> [TASK TO CARRY OUT]: Exactly as they appear, output all of the records. Skip any images.

----- PROVIDED DATA -----

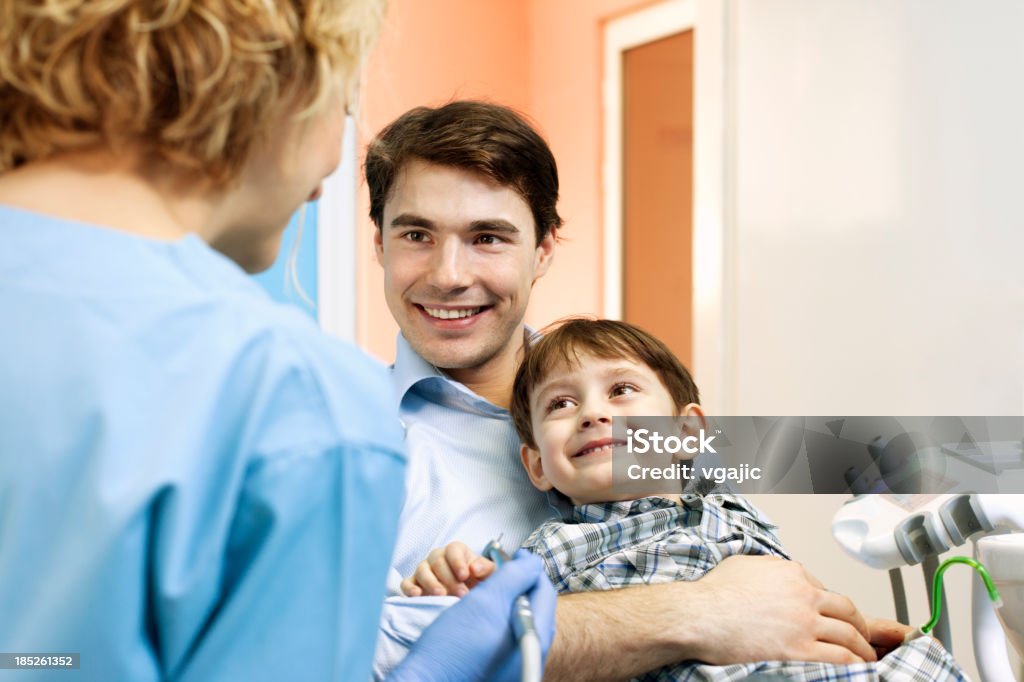 Vater und Kind in Zahnarzt-Büro - Lizenzfrei Familie Stock-Foto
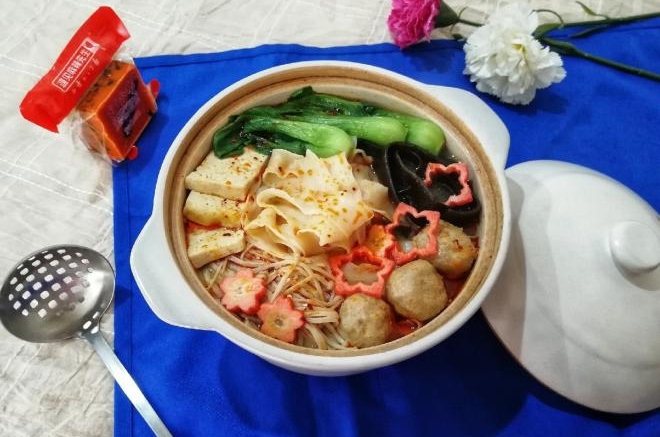 砂锅刀削面
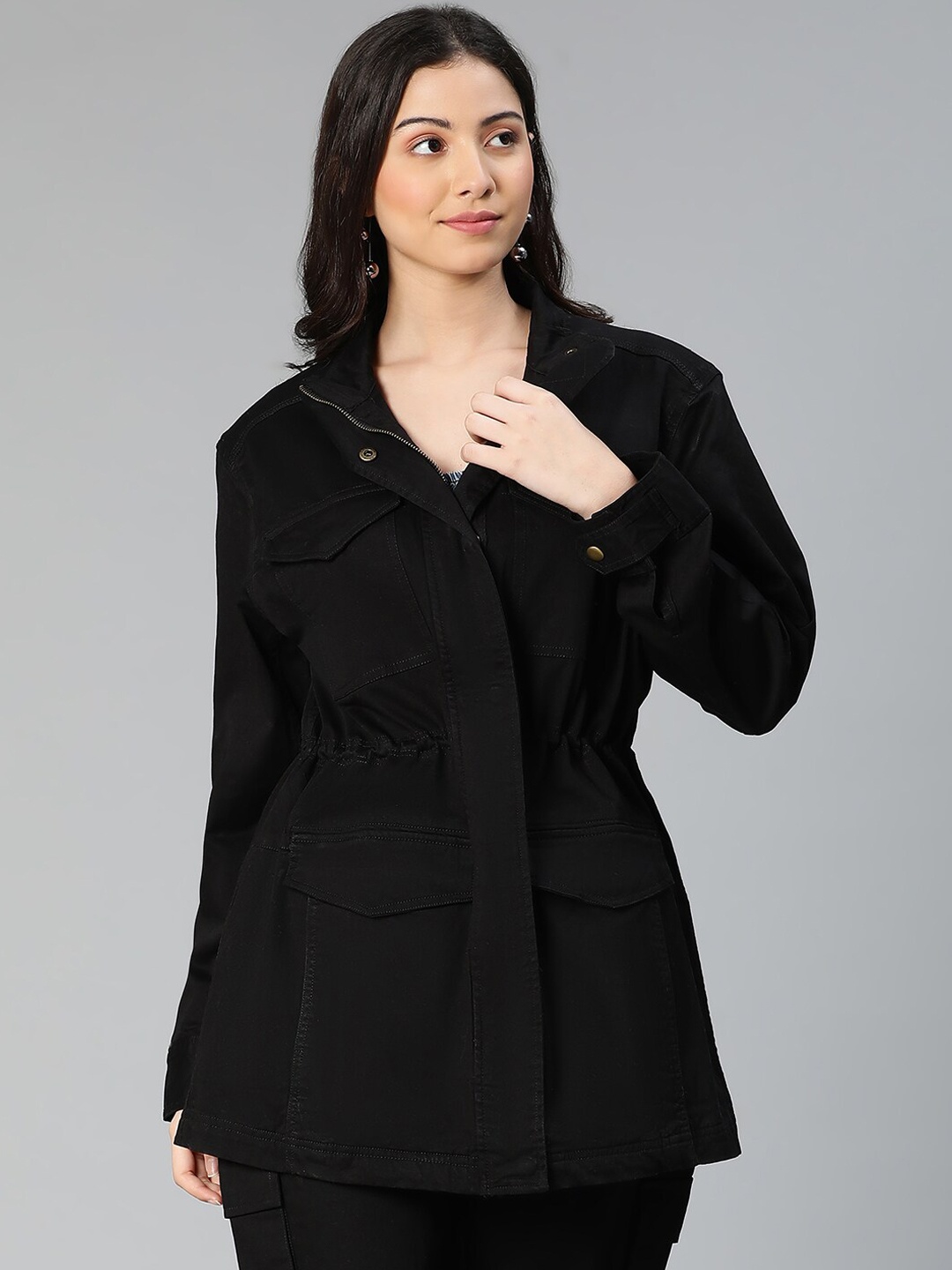 

Oxolloxo Women Black Lightweight Longline Cotton Tailored Jacket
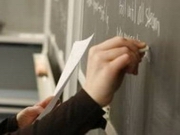 В Алматы учителя требуют повышения зарплаты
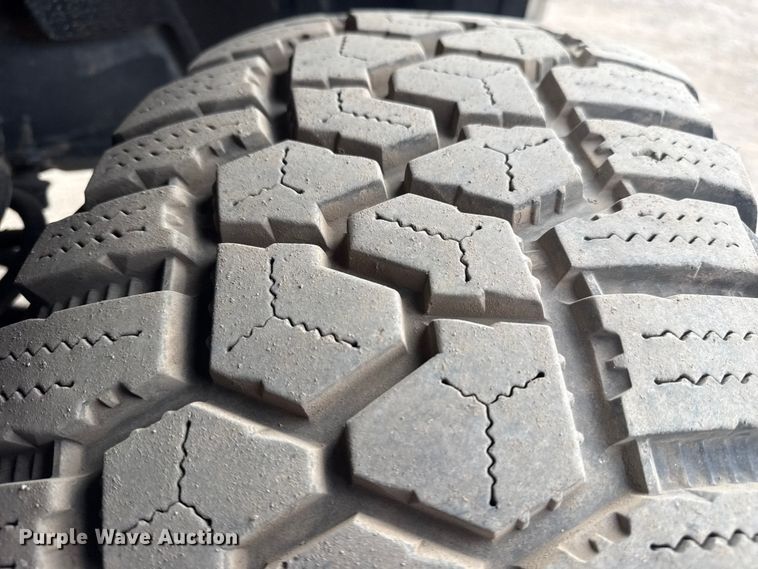 image for item EG2099 2017 RAM 3500HD truck cab and chassis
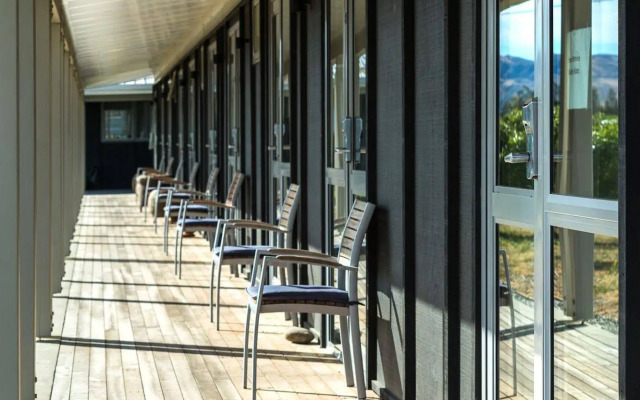 Riverlands Roadhouse Motel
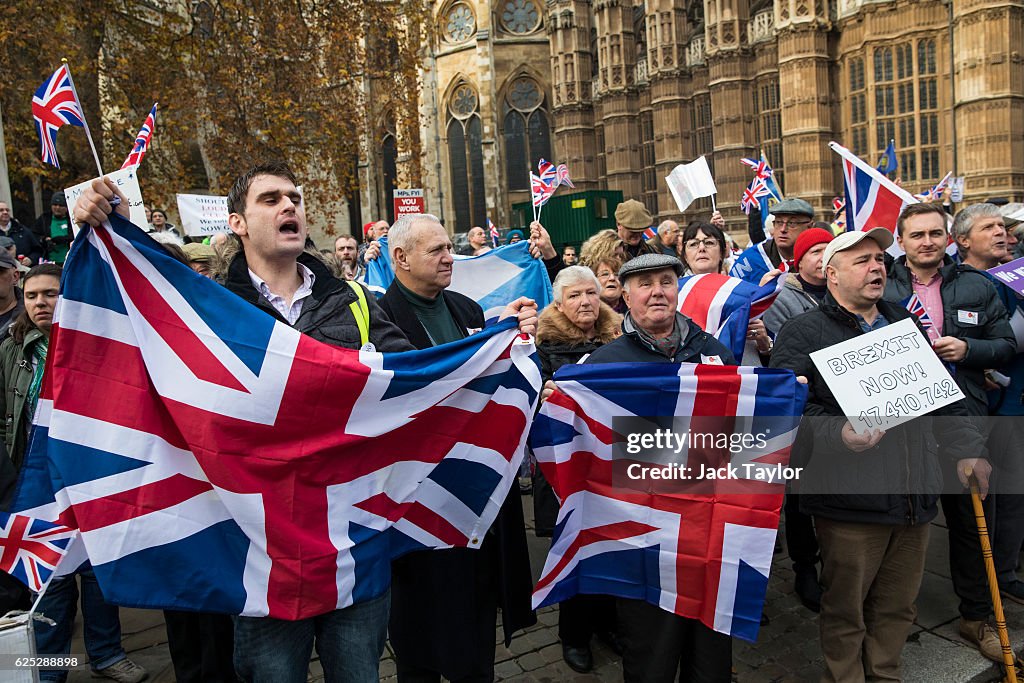 Pro-Brexit Demonstrators Call For Government To Trigger Article 50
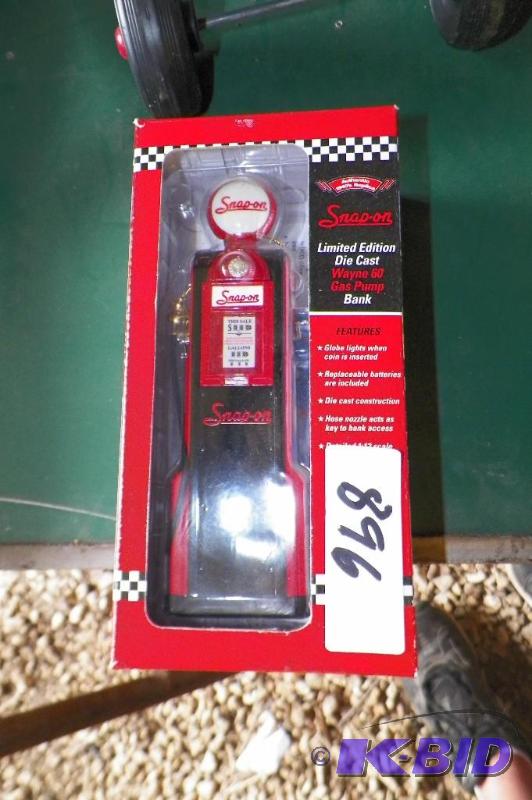 lot 896 image: Snap-on Die Cast Wayne 60 Gas Pump Bank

-----

> [ANSWER BOX]:
 Vater und Kind in Zahnarzt-Büro - Lizenzfrei Familie Stock-Foto
 砂锅刀削面

Oxolloxo Women Black Lightweight Longline Cotton Tailored Jacket
 В Алматы учителя требуют повышения зарплаты
 image for item EG2099 2017 RAM 3500HD truck cab and chassis
 Riverlands Roadhouse Motel
 Pro-Brexit Demonstrators Call For Government To Trigger Article 50
 lot 896 image: Snap-on Die Cast Wayne 60 Gas Pump Bank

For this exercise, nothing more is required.